Jika berbicara ihwal makanan, semua tidak hanya sekadar tentang pengganjal perut. Ada proses budaya di dalamnya. Namun yang paling penting, makanan berbicara tentang rasa yang paling jujur.
Setelah hampir delapan tahun menjadi perantau, selain hari Natal, salah satu hasrat yang membuatku ingin pulang ke kampung halaman adalah makanan. Selain masakan ibu, makanan-makanan di kampung halamanku tentu masih bisa kutemukan di kota rantau, bahkan lebih banyak pilihan dan lebih mudah didapatkan. Namun, tentu lidah tidak bisa dibohongi oleh rasa.
Dulu sewaktu diri ini merasa dunia tidak pernah jahat, aku selalu makan bakso langganan setiap hari Jumat, sepulang sekolah, bersama ibu. Di hari Minggu, sekitar jam sembilan pagi orang-orang di rumah baru tiba usai beribadah, mereka biasanya membawa daging babi untuk digoreng. Aku di ruang keluarga, biasanya bersama pamanku menikmati tahu goreng yang lebih dulu ibu dan tanteku sajikan sembari menunggu daging babi matang digoreng. Tahu itu aku dan pamanku potong kecil-kecil, lalu kami cocol dengan kecap dan cabai.
Beranjak dewasa, aku senang karena merasa bebas makan bakso di hari apa pun yang aku mau. Aku juga tahu bahwa kini aku tidak harus menunggu hari Minggu untuk bisa menikmati babi goreng. Namun, saat itu merupakan kali pertama aku merasakan sebuah kebebasan yang mengekang. Aku tidak mendapatkan apa-apa dari kebebasan yang kudapat selain perut yang terisi penuh. Aku pun sadar ternyata sebuah rasa hanya kenal satu kata dan tidak bisa berbohong.

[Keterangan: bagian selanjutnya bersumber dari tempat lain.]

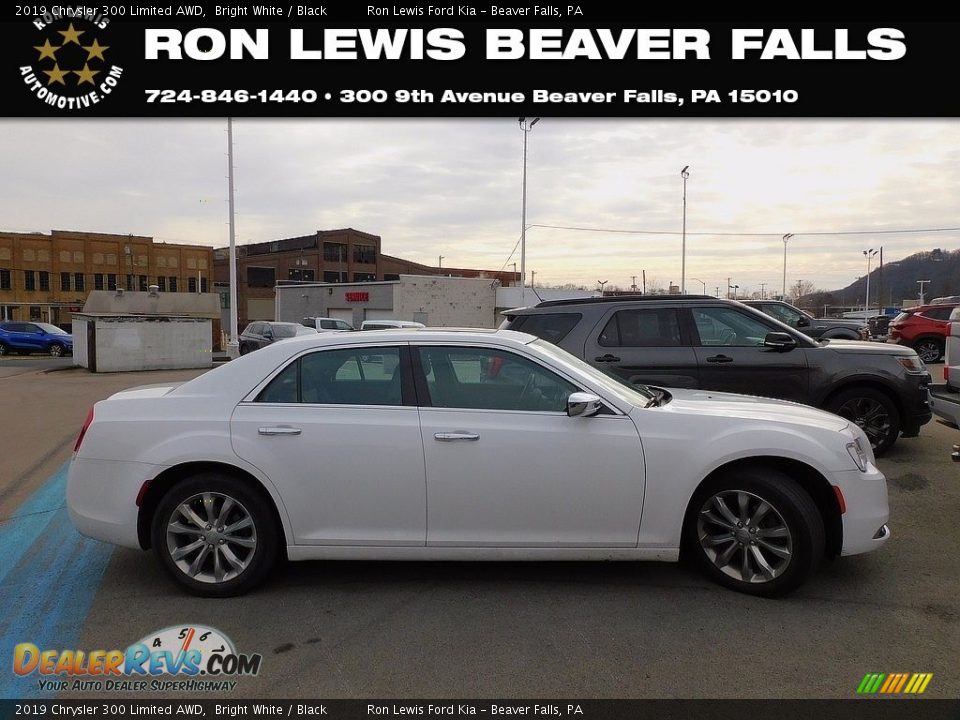 2019 Chrysler 300 Limited AWD Bright White / Black Photo #1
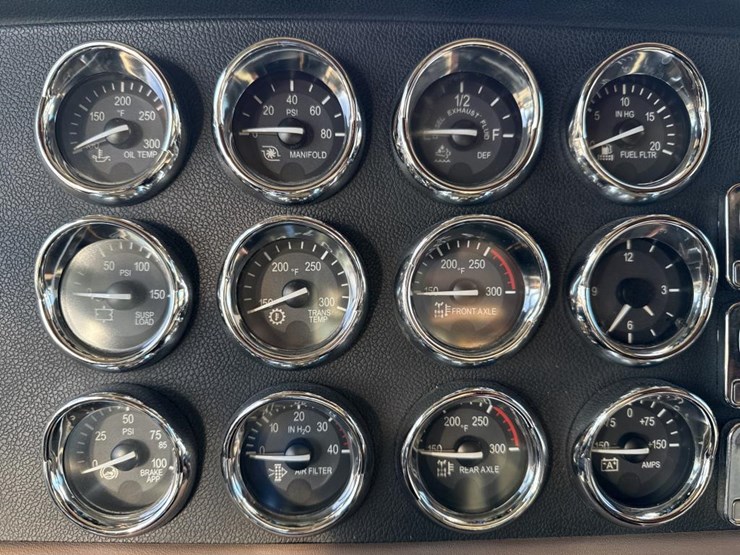 2012-peterbilt-389-image-80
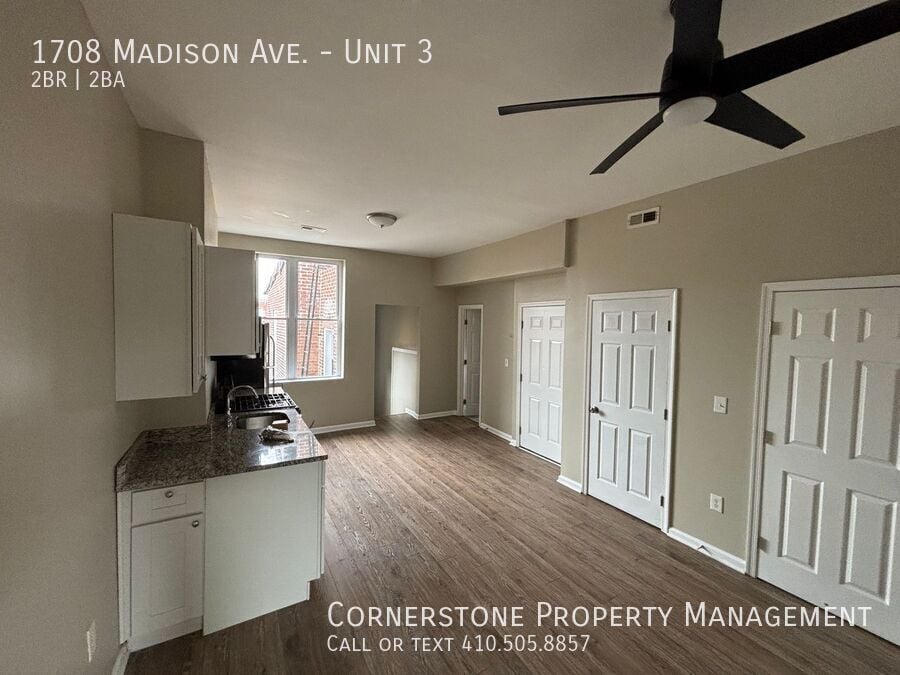 1708 Madison Ave in Baltimore, MD - Building Photo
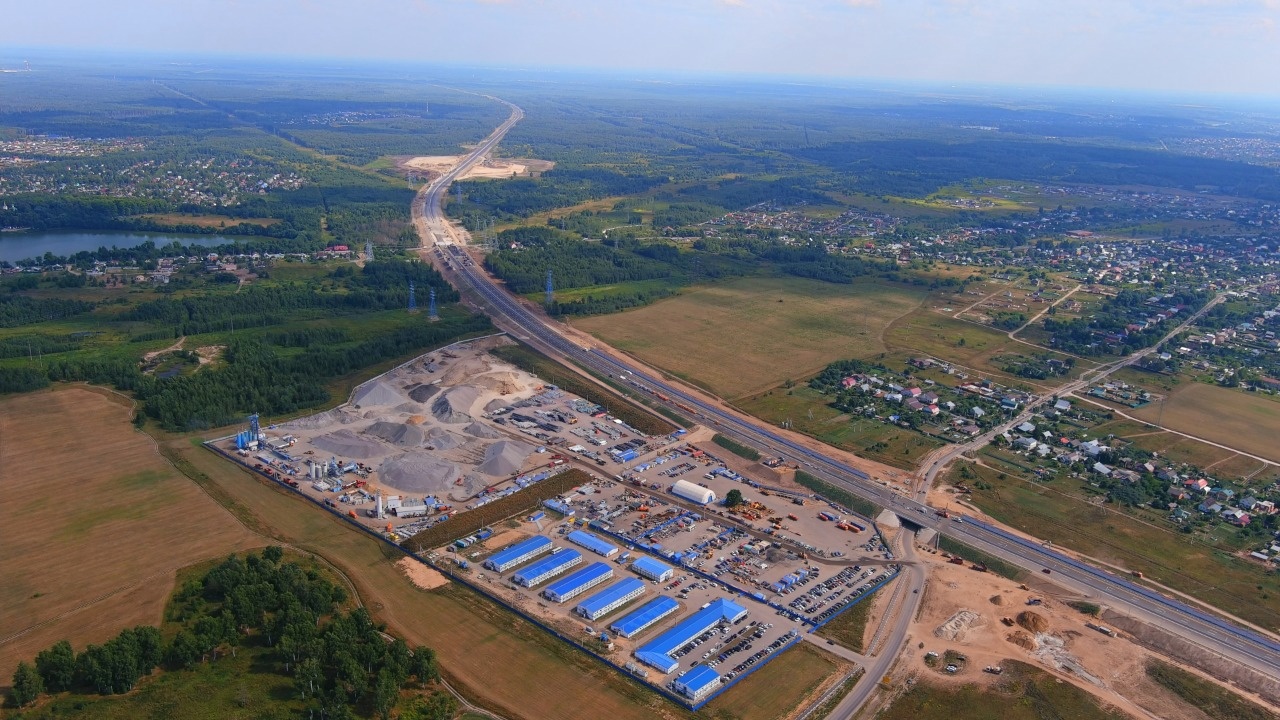 Жителям микрорайона Доброе, которые пользуются общественным транспортом, обещают специальную полосу для автобусов и троллейбусов. Она сократит время в пути, и собираться на работу можно будет спокойнее. Когда же конкретно появится долгожданная буква «А» на асфальте? И станет ли когда-нибудь мечта о пешеходной зоной в центре реальностью?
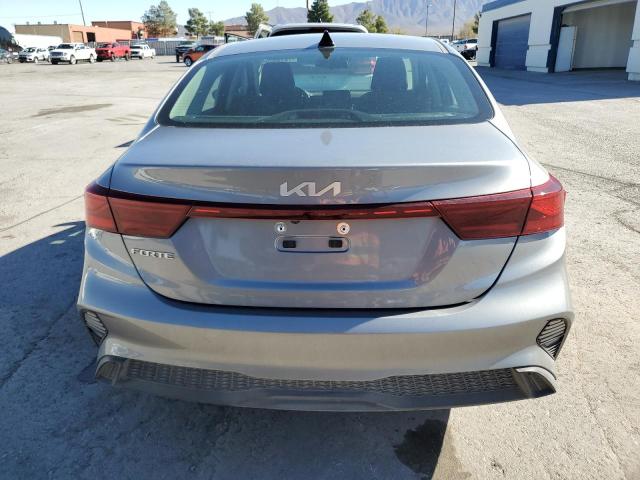 Photo 5 VIN: 3KPF24AD5PE667919 - KIA FORTE LX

Kala itu, saat kecil dan tak berdaya aku ingin sekali bisa memasukkan jagung bakar yang dijual di jembatan di dekat pasar itu ke dalam mulut lalu mengunyahnya. Namun orangtuaku enggan membelinya. Kalau ingatanku tidak menipu, mereka khawatir jika jagung-jagung itu tidak matang seutuhnya. Sampai akhirnya, entah kapan, aku akhirnya mampu mencicipi bagaimana sebuah rasa dari jagung bakar yang aku idamkan. Kini penjual jagung bakar di mana-mana, aku bisa kapan saja singgah lalu memesannya, tapi tidak kulakukan. Aku tidak penasaran lagi. Aku hanya mencarinya sebagai alternatif makanan lain ketika sedang lapar.

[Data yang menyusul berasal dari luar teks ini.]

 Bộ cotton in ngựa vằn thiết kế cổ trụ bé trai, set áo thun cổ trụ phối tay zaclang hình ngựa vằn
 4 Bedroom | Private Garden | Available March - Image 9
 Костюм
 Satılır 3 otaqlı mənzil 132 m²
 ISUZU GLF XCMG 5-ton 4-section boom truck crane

Dalam film Tabula Rasa, Gulai Kepala Ikan dan campuran-campuran bumbu masakan padang milik Mak merupakan sebuah pengingat untuk Hans kembali berjalan. Sebuah bahan bakar baru untuk Hans atau siapa saja di luar sana yang kadang lelah untuk menerima realita hingga sampir menyerah sampai-sampai melewatkan rasa nikmat rendang yang terus diaduk selama empat jam.

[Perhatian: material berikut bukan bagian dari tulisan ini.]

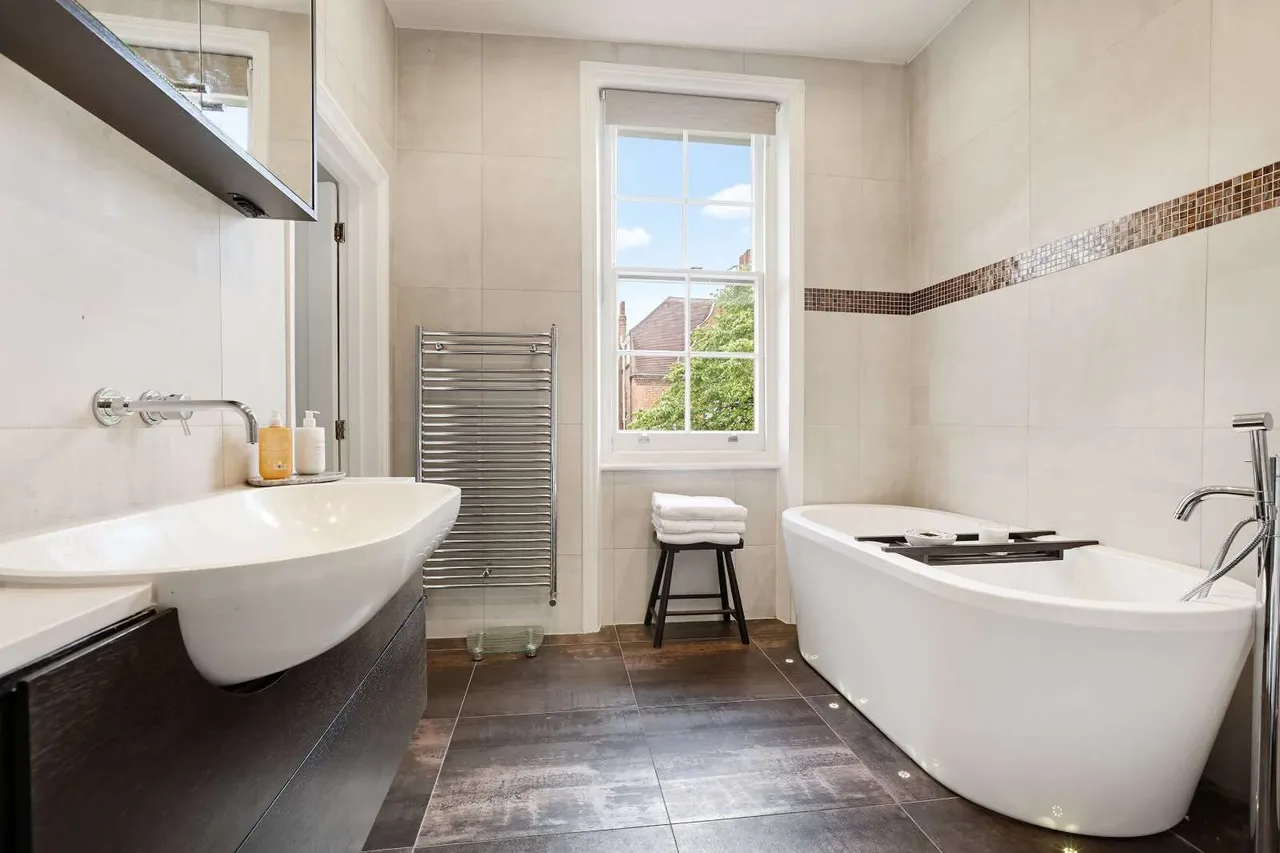 The Avenue, Bedford Park, W4, photo 11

Usai menonton Tabula Rasa, aku sadar bahwa aku menutup telingaku ketika makanan berbicara denganku tentang rasa. Aku tidak mengindahkannya ketika rasa itu mengajakku untuk pelan-pelan menunggu waktu yang tepat.
Perutku jauh lebih ribut ketika kala itu sebuah rasa yang duduk di sebelahku mengingatkan supaya aku tidak hanya fokus pada sesuatu yang sedang kunikmati, tapi juga sesekali menoleh lalu melihat di mana dan dengan siapa aku berada ketika mensyukuri sebuah berkat.
Sekarang, aku paham bahwa rasa-rasa yang dulu sebenarnya tidak hilang. Ia tidak kemana-mana, ia hanya menunggu waktu yang tepat seperti di hari Jumat atau Pagi Minggu pukul sembilan.